## Problem description
Word for word, and without a single picture, repeat the entries.

== Dataset records ==

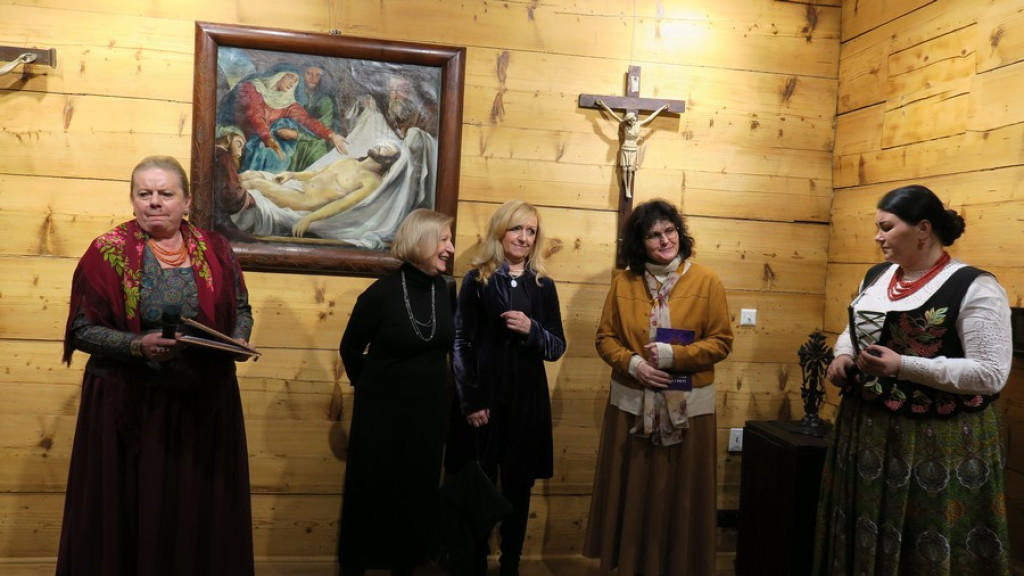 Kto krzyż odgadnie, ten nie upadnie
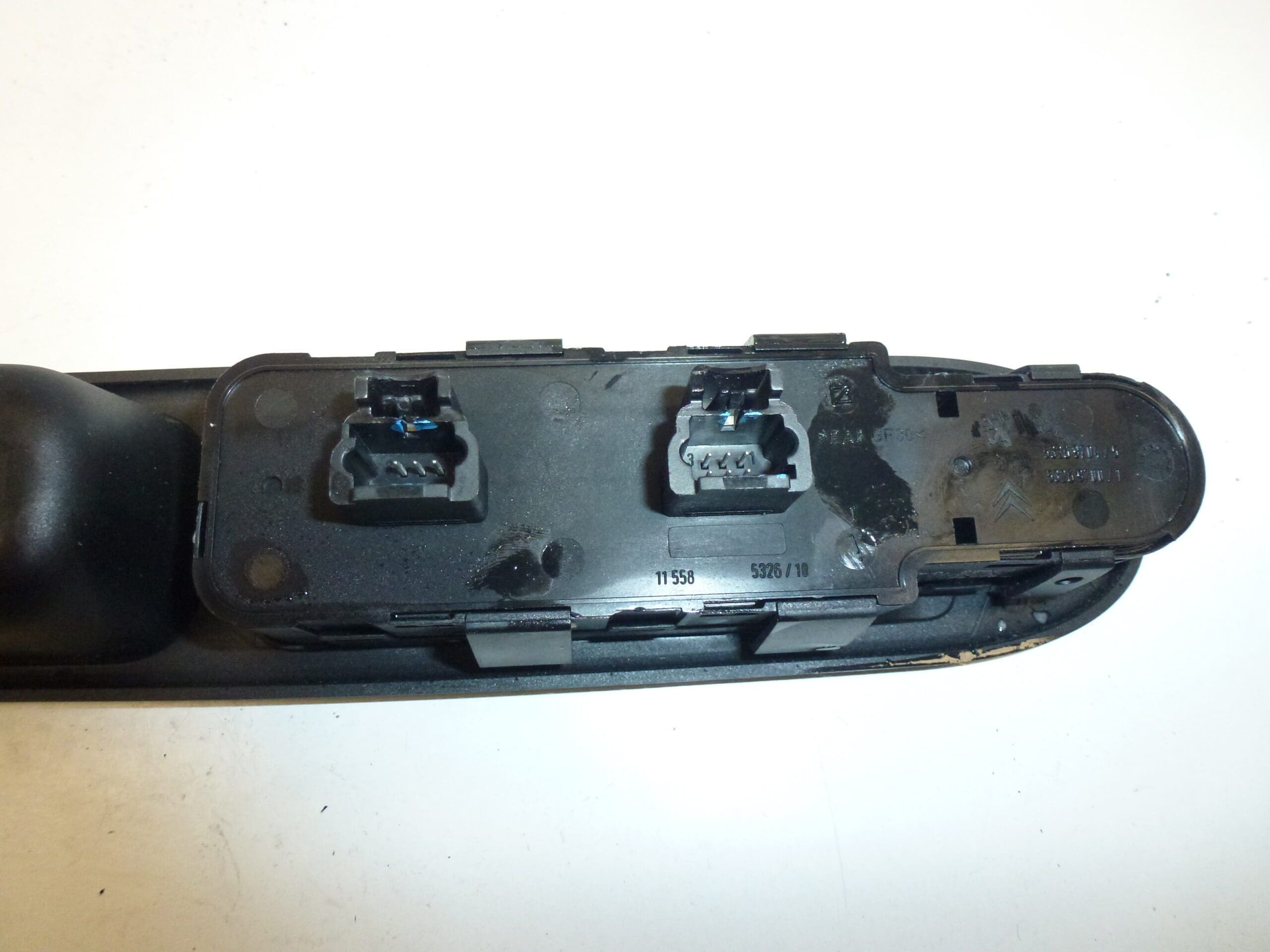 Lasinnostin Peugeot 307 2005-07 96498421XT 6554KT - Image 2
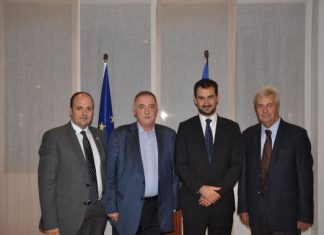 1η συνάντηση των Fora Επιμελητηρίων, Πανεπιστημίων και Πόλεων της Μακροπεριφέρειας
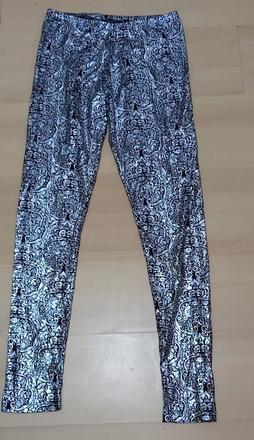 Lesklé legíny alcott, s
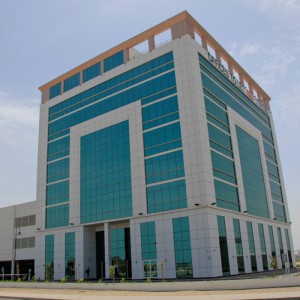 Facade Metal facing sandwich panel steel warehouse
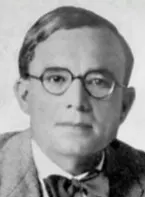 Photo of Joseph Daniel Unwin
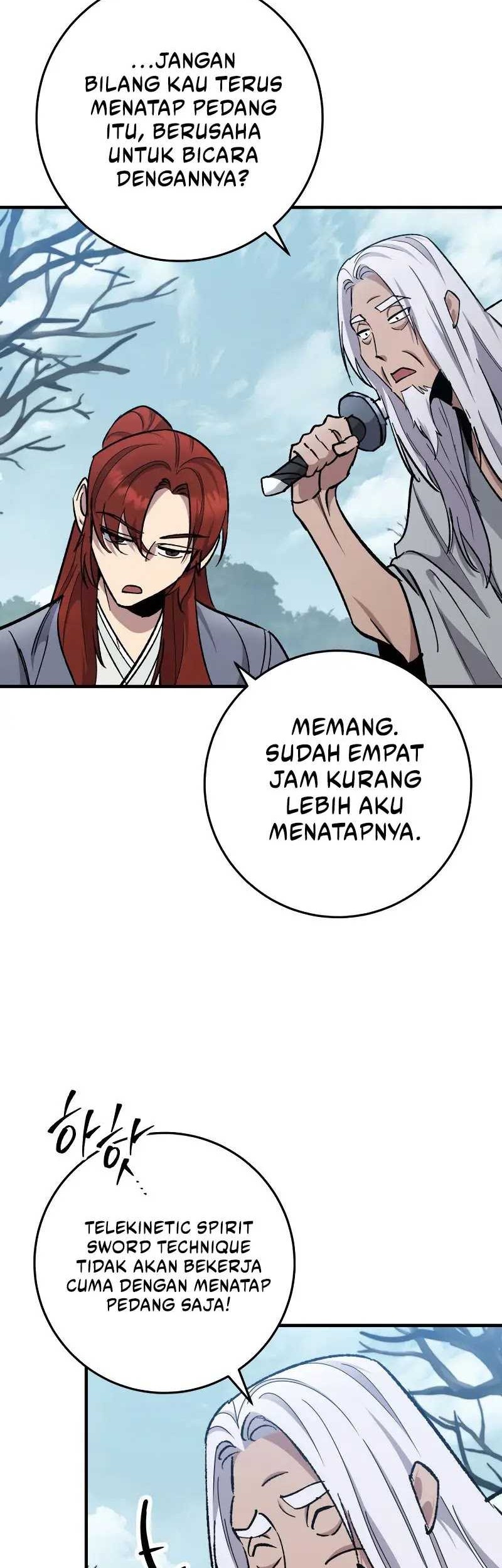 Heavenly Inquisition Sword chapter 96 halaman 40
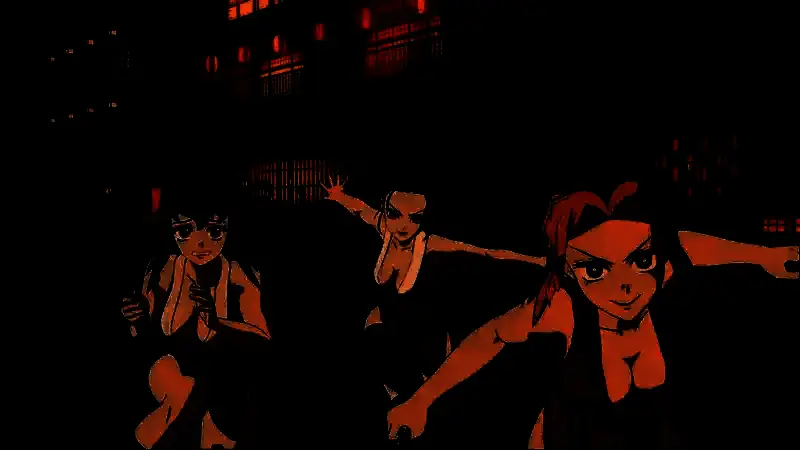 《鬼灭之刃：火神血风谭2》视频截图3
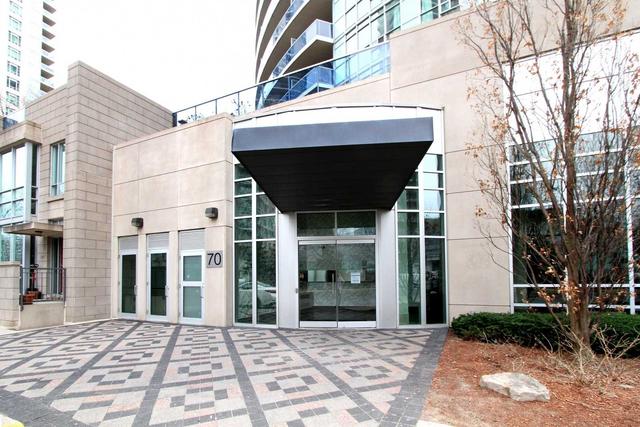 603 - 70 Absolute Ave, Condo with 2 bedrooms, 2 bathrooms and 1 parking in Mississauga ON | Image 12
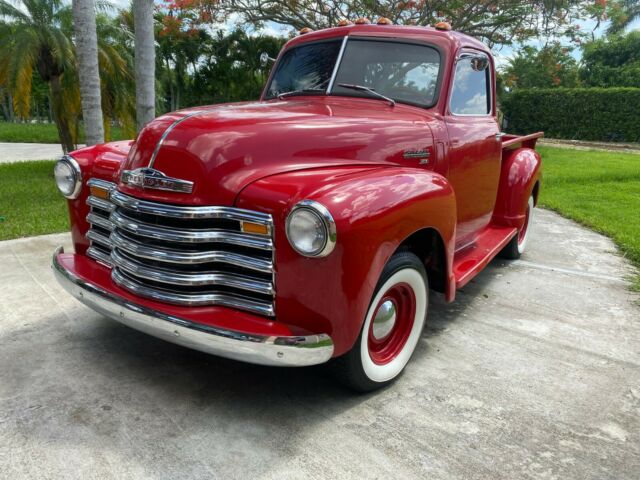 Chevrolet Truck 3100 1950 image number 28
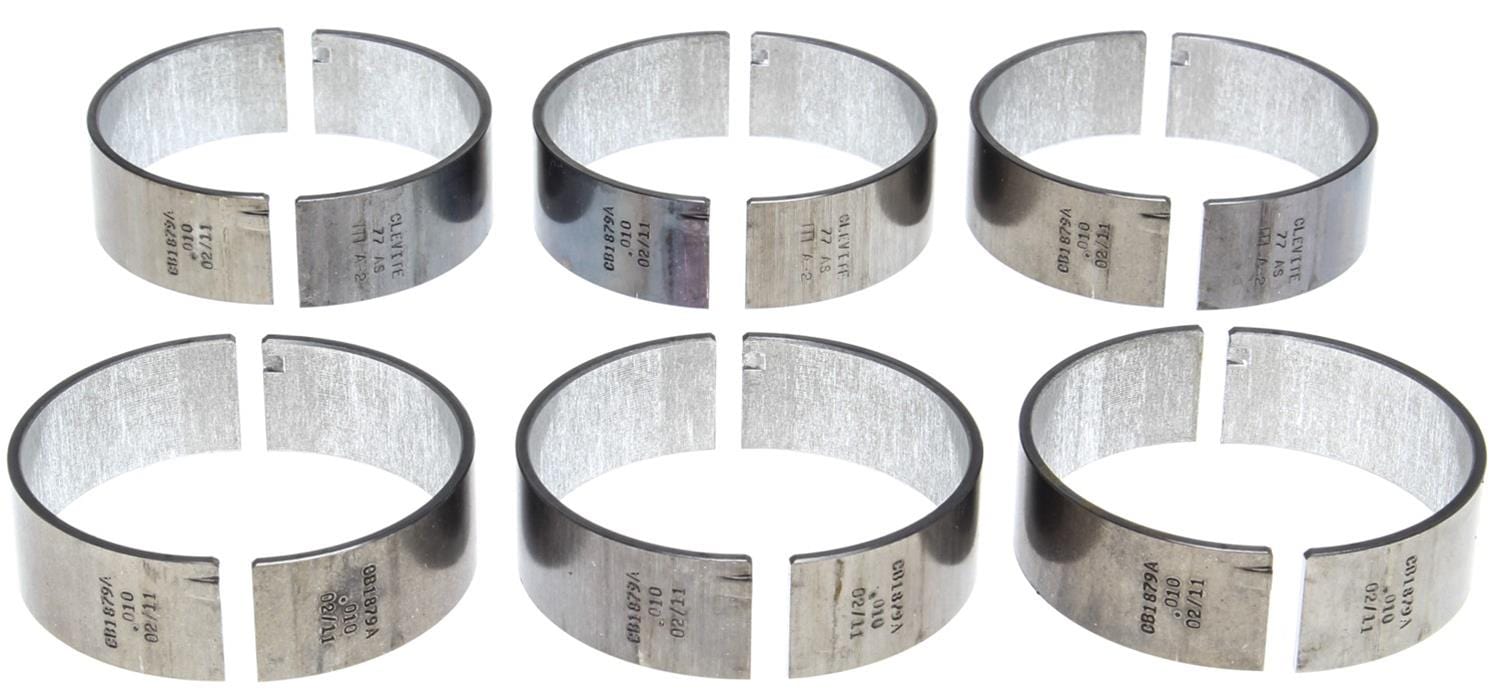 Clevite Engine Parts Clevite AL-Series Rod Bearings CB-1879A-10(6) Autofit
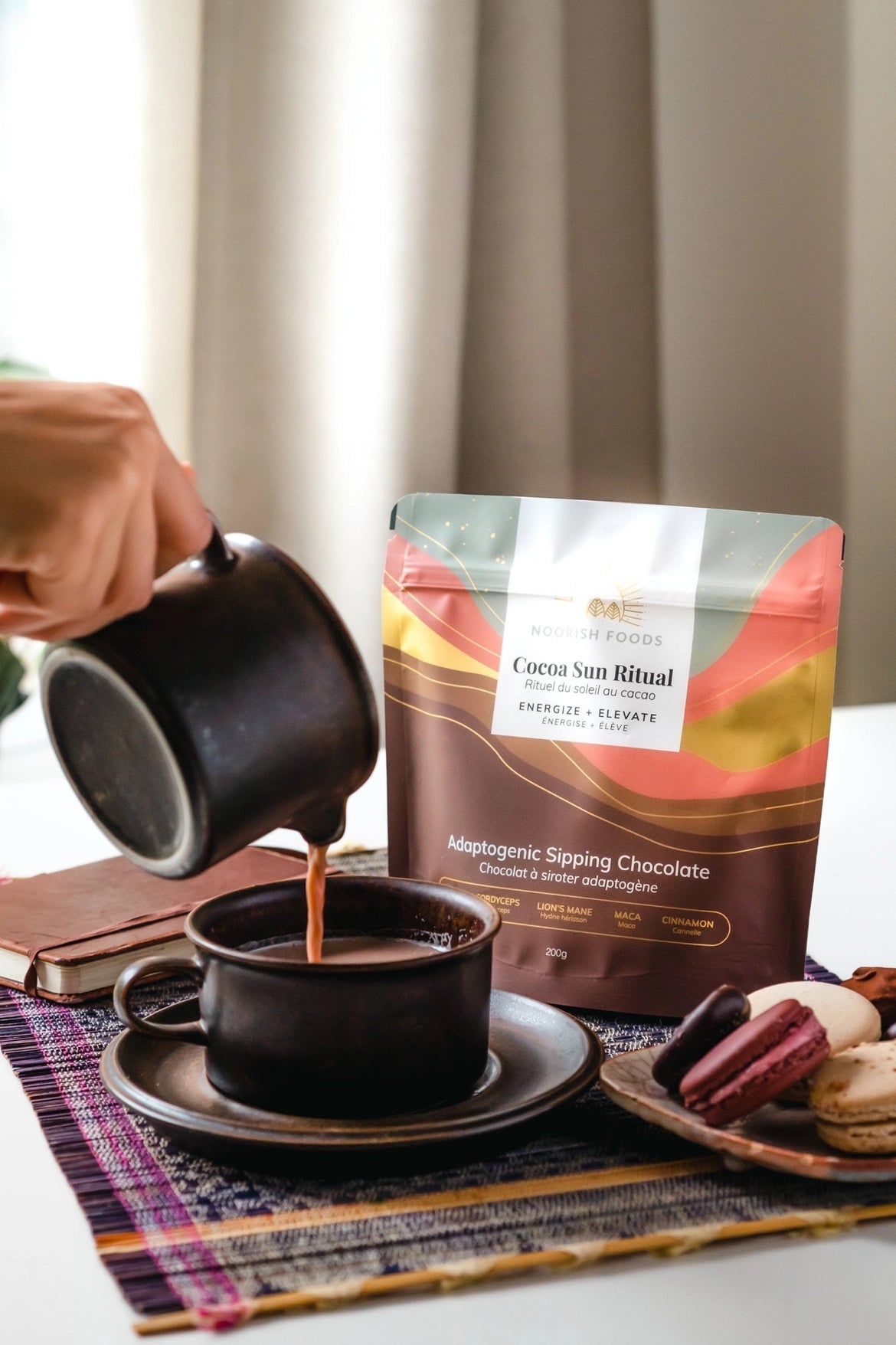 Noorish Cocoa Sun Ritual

===

## Result for this task
 Kto krzyż odgadnie, ten nie upadnie
 Lasinnostin Peugeot 307 2005-07 96498421XT 6554KT - Image 2
 1η συνάντηση των Fora Επιμελητηρίων, Πανεπιστημίων και Πόλεων της Μακροπεριφέρειας
 Lesklé legíny alcott, s
 Facade Metal facing sandwich panel steel warehouse
 Photo of Joseph Daniel Unwin
 Heavenly Inquisition Sword chapter 96 halaman 40
 《鬼灭之刃：火神血风谭2》视频截图3
 603 - 70 Absolute Ave, Condo with 2 bedrooms, 2 bathrooms and 1 parking in Mississauga ON | Image 12
 Chevrolet Truck 3100 1950 image number 28
 Clevite Engine Parts Clevite AL-Series Rod Bearings CB-1879A-10(6) Autofit
 Noorish Cocoa Sun Ritual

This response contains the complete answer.